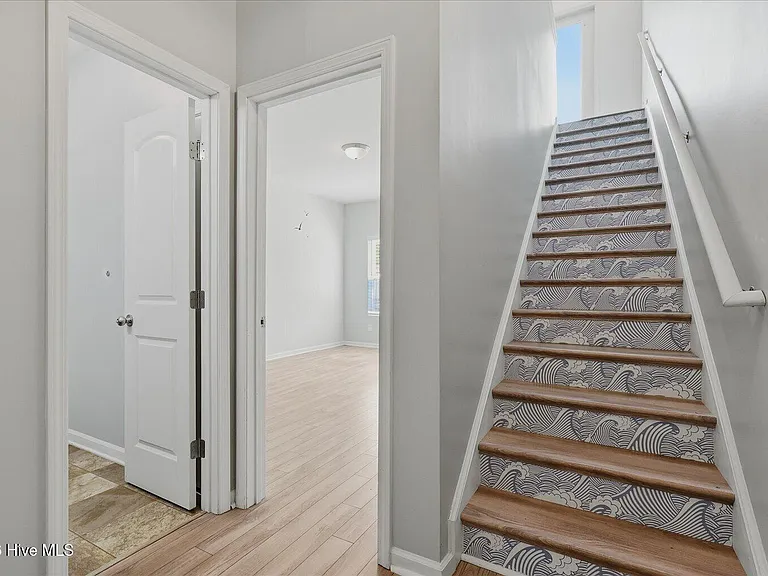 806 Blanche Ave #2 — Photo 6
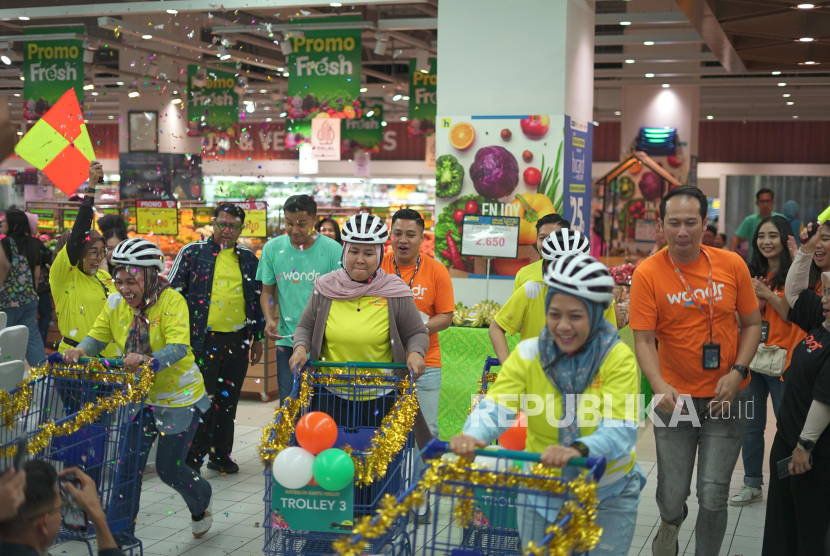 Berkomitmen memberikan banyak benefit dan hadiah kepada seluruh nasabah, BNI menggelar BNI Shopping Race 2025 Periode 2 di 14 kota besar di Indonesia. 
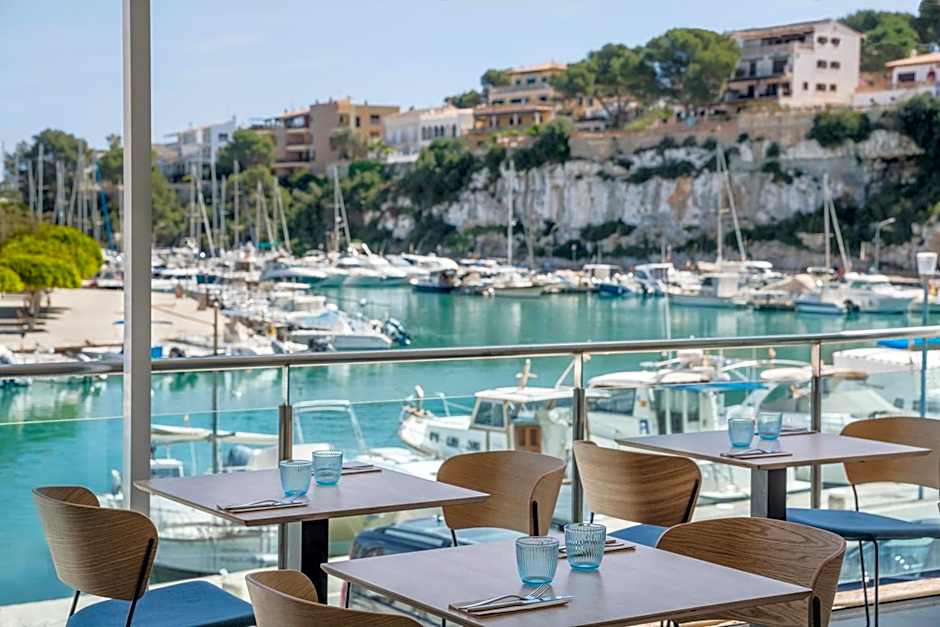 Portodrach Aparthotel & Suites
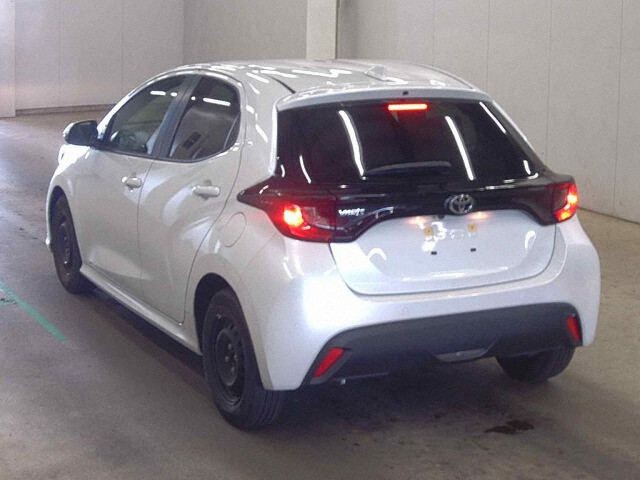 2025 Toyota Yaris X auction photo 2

○ ○ ○ ○ ○ ○ ○

**Exercise objective**
Copy the listing verbatim, omitting images.

**Task output**
 806 Blanche Ave #2 — Photo 6
 Berkomitmen memberikan banyak benefit dan hadiah kepada seluruh nasabah, BNI menggelar BNI Shopping Race 2025 Periode 2 di 14 kota besar di Indonesia. 
 Portodrach Aparthotel & Suites
 2025 Toyota Yaris X auction photo 2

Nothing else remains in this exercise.